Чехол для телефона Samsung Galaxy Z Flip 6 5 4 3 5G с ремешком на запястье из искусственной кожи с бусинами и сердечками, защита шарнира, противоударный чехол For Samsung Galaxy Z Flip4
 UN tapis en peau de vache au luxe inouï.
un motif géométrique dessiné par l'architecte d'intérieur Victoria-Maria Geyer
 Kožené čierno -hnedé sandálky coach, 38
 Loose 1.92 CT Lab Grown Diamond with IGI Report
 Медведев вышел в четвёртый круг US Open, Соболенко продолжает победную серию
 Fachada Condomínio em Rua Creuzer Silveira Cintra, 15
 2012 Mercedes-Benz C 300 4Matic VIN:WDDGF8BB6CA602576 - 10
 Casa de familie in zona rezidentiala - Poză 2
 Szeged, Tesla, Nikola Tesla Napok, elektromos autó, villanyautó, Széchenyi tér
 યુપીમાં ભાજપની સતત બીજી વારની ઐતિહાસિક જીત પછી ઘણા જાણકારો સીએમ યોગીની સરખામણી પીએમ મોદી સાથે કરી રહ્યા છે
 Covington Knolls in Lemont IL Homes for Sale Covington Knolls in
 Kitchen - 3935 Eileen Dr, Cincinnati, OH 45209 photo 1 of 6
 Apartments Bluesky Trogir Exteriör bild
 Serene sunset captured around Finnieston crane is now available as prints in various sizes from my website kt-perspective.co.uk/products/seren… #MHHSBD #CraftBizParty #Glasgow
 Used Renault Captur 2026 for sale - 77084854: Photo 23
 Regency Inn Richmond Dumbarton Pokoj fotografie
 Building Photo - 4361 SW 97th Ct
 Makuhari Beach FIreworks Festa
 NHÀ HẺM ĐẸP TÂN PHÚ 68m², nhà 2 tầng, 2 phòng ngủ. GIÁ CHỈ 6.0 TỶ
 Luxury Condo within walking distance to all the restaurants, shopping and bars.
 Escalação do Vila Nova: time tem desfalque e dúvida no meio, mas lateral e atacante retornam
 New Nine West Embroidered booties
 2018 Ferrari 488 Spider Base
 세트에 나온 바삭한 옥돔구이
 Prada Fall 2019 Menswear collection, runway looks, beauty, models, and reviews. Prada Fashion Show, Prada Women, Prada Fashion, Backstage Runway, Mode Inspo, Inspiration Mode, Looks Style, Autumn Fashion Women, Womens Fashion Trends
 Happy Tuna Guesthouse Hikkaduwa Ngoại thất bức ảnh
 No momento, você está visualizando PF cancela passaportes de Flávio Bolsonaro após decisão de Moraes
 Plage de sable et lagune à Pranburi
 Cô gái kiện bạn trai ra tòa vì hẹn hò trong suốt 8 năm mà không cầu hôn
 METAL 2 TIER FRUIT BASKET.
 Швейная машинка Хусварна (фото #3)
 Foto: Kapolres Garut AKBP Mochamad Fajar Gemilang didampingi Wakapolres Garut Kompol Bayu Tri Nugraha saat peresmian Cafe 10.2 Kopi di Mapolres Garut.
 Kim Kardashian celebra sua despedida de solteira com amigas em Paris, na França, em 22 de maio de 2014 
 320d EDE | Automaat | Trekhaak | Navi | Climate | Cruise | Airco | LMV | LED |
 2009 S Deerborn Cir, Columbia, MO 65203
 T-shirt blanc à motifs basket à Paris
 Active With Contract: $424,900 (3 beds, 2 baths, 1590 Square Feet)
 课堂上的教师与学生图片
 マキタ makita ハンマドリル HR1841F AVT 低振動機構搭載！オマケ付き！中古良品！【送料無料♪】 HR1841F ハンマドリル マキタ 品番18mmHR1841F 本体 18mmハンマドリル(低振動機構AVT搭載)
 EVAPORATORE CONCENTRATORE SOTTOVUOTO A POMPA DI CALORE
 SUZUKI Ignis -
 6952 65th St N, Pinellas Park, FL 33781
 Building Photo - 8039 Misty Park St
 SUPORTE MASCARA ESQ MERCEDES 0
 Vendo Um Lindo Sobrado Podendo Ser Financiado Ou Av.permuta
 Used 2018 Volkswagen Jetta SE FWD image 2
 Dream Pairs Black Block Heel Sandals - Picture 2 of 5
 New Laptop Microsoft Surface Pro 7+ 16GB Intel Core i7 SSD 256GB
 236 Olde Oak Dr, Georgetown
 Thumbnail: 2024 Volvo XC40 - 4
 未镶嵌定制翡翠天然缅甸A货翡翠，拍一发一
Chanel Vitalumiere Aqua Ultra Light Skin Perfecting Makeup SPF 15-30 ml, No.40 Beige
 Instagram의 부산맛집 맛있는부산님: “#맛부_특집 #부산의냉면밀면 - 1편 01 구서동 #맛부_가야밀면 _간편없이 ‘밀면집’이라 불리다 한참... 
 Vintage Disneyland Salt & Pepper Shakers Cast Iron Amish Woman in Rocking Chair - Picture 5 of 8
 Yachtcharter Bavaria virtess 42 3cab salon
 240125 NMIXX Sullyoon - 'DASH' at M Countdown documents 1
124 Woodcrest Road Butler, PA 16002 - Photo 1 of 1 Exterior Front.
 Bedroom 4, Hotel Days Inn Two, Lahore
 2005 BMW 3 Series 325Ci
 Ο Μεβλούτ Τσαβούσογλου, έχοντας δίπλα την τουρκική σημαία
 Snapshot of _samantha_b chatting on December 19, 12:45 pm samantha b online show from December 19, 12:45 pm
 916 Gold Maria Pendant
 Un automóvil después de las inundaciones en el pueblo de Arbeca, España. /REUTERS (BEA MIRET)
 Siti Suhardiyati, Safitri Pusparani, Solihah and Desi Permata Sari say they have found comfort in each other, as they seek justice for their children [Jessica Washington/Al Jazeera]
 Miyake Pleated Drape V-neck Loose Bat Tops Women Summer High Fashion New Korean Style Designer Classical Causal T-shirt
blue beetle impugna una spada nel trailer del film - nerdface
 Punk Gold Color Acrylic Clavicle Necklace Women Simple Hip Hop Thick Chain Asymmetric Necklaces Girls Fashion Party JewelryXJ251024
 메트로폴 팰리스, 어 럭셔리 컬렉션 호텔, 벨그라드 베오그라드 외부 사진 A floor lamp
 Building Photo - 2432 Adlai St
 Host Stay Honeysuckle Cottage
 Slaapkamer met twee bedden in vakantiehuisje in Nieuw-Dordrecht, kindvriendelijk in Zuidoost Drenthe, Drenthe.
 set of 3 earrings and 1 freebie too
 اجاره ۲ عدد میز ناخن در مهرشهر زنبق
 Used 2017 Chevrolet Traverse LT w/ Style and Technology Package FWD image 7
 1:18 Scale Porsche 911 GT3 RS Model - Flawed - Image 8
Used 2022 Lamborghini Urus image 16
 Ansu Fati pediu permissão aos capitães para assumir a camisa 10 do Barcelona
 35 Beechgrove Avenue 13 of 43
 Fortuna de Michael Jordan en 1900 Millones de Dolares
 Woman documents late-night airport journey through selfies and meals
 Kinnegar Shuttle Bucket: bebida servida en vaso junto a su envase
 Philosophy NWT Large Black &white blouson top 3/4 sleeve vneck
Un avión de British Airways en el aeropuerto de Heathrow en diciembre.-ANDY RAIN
● ● ● ● ●
• [AIM OF THE EXERCISE]
Only one stretch of the entries above is wanted: the lines from the one containing "Building Photo - 8039 Misty Park St" through the one containing "Used 2022 Lamborghini Urus image 16". Please reproduce it exactly.

• [ANSWER BOX]
 Building Photo - 8039 Misty Park St
 SUPORTE MASCARA ESQ MERCEDES 0
 Vendo Um Lindo Sobrado Podendo Ser Financiado Ou Av.permuta
 Used 2018 Volkswagen Jetta SE FWD image 2
 Dream Pairs Black Block Heel Sandals - Picture 2 of 5
 New Laptop Microsoft Surface Pro 7+ 16GB Intel Core i7 SSD 256GB
 236 Olde Oak Dr, Georgetown
 Thumbnail: 2024 Volvo XC40 - 4
 未镶嵌定制翡翠天然缅甸A货翡翠，拍一发一
Chanel Vitalumiere Aqua Ultra Light Skin Perfecting Makeup SPF 15-30 ml, No.40 Beige
 Instagram의 부산맛집 맛있는부산님: “#맛부_특집 #부산의냉면밀면 - 1편 01 구서동 #맛부_가야밀면 _간편없이 ‘밀면집’이라 불리다 한참... 
 Vintage Disneyland Salt & Pepper Shakers Cast Iron Amish Woman in Rocking Chair - Picture 5 of 8
 Yachtcharter Bavaria virtess 42 3cab salon
 240125 NMIXX Sullyoon - 'DASH' at M Countdown documents 1
124 Woodcrest Road Butler, PA 16002 - Photo 1 of 1 Exterior Front.
 Bedroom 4, Hotel Days Inn Two, Lahore
 2005 BMW 3 Series 325Ci
 Ο Μεβλούτ Τσαβούσογλου, έχοντας δίπλα την τουρκική σημαία
 Snapshot of _samantha_b chatting on December 19, 12:45 pm samantha b online show from December 19, 12:45 pm
 916 Gold Maria Pendant
 Un automóvil después de las inundaciones en el pueblo de Arbeca, España. /REUTERS (BEA MIRET)
 Siti Suhardiyati, Safitri Pusparani, Solihah and Desi Permata Sari say they have found comfort in each other, as they seek justice for their children [Jessica Washington/Al Jazeera]
 Miyake Pleated Drape V-neck Loose Bat Tops Women Summer High Fashion New Korean Style Designer Classical Causal T-shirt
blue beetle impugna una spada nel trailer del film - nerdface
 Punk Gold Color Acrylic Clavicle Necklace Women Simple Hip Hop Thick Chain Asymmetric Necklaces Girls Fashion Party JewelryXJ251024
 메트로폴 팰리스, 어 럭셔리 컬렉션 호텔, 벨그라드 베오그라드 외부 사진 A floor lamp
 Building Photo - 2432 Adlai St
 Host Stay Honeysuckle Cottage
 Slaapkamer met twee bedden in vakantiehuisje in Nieuw-Dordrecht, kindvriendelijk in Zuidoost Drenthe, Drenthe.
 set of 3 earrings and 1 freebie too
 اجاره ۲ عدد میز ناخن در مهرشهر زنبق
 Used 2017 Chevrolet Traverse LT w/ Style and Technology Package FWD image 7
 1:18 Scale Porsche 911 GT3 RS Model - Flawed - Image 8
Used 2022 Lamborghini Urus image 16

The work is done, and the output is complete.